Thursday, March 7, 2013

Another Take on Finding Scholarships

Franklin University has a blog with some very interesting posts.  One I really like has to do with finding resources to help pay for college.  If you've read my scholarship guide (see those links at the top of the page?) some of these will sound familiar.
"Resource #1: Federal Student Aid Scholarship Listings & Information
Scholarships are gifts that don't need to be repaid. Lucky for you, the federal government has all the information you need about what kinds of scholarships are available to you, how to find them, how to apply, when to apply, and whether or not a scholarship will affect your other financial aid. Visit for more information.
Resource #2: Your State Government Your state government likely has online resource(s) in place that will provide information about grants, scholarships, and other financial aid available from the state for college students. These online resources often include federally-supported state programs. For a listing of state-based scholarship and grant resources, you'll want to visit the State Grant Agency at
Resource #3: (I find no clear link in the original article.  What I do find doesn't look too useful.  You be the judge.

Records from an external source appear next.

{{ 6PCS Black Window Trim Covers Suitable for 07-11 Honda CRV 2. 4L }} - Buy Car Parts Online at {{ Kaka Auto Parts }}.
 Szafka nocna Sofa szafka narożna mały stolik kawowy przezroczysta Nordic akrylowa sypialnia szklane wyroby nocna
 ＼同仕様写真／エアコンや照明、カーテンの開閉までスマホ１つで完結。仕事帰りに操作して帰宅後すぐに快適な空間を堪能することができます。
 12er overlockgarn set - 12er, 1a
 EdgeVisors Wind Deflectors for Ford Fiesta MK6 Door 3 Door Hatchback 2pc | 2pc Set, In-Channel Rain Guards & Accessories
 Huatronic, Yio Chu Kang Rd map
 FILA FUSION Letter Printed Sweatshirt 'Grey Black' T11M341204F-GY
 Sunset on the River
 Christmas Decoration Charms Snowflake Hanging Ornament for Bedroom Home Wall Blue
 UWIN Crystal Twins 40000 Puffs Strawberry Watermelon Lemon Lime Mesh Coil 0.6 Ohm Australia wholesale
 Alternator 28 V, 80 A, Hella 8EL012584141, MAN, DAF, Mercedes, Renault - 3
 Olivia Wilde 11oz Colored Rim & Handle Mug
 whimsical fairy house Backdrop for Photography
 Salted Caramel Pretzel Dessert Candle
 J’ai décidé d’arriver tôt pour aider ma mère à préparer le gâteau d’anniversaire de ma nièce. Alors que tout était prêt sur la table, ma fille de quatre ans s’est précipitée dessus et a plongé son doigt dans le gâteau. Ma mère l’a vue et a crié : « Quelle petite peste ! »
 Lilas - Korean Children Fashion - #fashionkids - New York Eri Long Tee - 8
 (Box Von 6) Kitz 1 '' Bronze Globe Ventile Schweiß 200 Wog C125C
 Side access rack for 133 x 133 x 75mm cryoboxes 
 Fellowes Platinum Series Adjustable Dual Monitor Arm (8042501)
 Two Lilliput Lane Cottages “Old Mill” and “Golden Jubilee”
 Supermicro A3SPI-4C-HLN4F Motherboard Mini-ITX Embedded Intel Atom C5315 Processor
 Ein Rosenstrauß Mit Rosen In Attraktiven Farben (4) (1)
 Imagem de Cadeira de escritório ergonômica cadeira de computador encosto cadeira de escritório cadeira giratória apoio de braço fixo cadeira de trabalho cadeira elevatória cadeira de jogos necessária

Resource #4: Scholarships & Grants From the College You Want to Attend
It is often the case that colleges fund scholarship and grant programs with their own monies. To find out what might be available to you, visit the college website and search for financial aid, scholarships, and grants. See what you can find online, then supplement that information by getting in touch with a financial aid advisor at your school. They can point you in the right direction – it's their job."
#4 is great advice.  If you're high school student it's equally important to check with your school counselor for locally offered scholarships.
"Finally, it's important to avoid online scams when researching different financial aid options. The federal student aid office offers some good advice relative to avoiding scams that is definitely worth checking out.  While you're at it, here's some quick links to PDF documents that can help you avoid trouble:
Don't Get Scammed on Your Way to College
Student Aid and Identity Theft
Student Loans: Avoiding Deceptive Offers"
Just a few of my thoughts on these last three links.  To be safe while seeking funds for college:

  • Never pay to apply for a scholarship.  (Not even a small fee for processing.)
  • Be jealous of your privacy.  No one needs your social security number when you apply for a scholarship (although they may need it to pay you).
  • When borrowing money be every careful about all loans.  You may be paying them back for 10-25 years!